After the Abkhaz capture of the city one of the largest massacres of the war was committed against the remaining and trapped Georgian civilians in the city. Almost all members of the Georgian-backed Abkhaz government, who refused to leave the city, including Guram Gabiskiria, Raul Eshba and Zhiuli Shartava, were murdered.

The 1994 U.S. State Department Country Reports also describes scenes of massive human rights abuse:

The Abkhaz separatist forces committed widespread atrocities against the Georgian civilian population, killing many women, children and elderly, capturing some as hostages and torturing others.... They also killed large numbers of Georgian civilians, who remained behind in Abkhaz-seized territory....

The separatists launched a reign of terror against the majority Georgian population, although other nationalities also suffered.
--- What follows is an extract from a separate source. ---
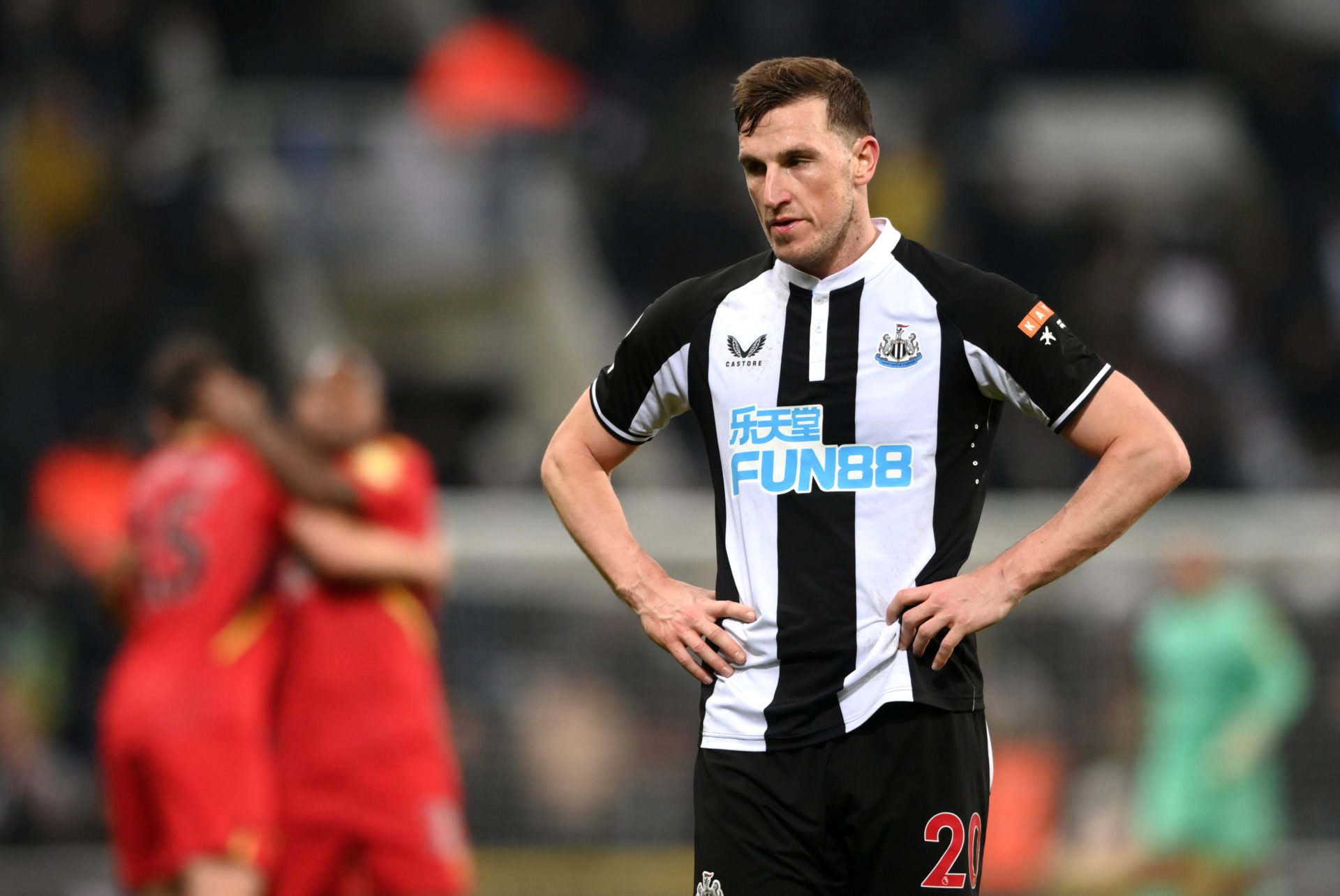 Newcastle United v Watford - Premier League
Chechens and other north Caucasians from the Russian Federation reportedly joined local Abkhaz troops in the commission of atrocities.... Those fleeing Abkhazia made highly credible claims of atrocities, including the killing of civilians without regard for age or sex. Corpses recovered from Abkhaz-held territory showed signs of extensive torture (the evidence available to Human Rights Watch supports the U.S. State Department’s findings).

Eduard Shevardnadze left the city narrowly escaping death. Soon Abkhaz forces and the Confederates overran the whole territory of Abkhazia, but the upper Kodori Valley remained in Georgian hands. The total defeat of Georgian forces was accompanied by the ethnic cleansing of the Georgian population.

In the concluding phase of the battle of Sukhumi, the Abkhaz forces shot down three Georgian civilian airliners belonging to Transair Georgia, killing 136 people (some of whom were Georgian soldiers).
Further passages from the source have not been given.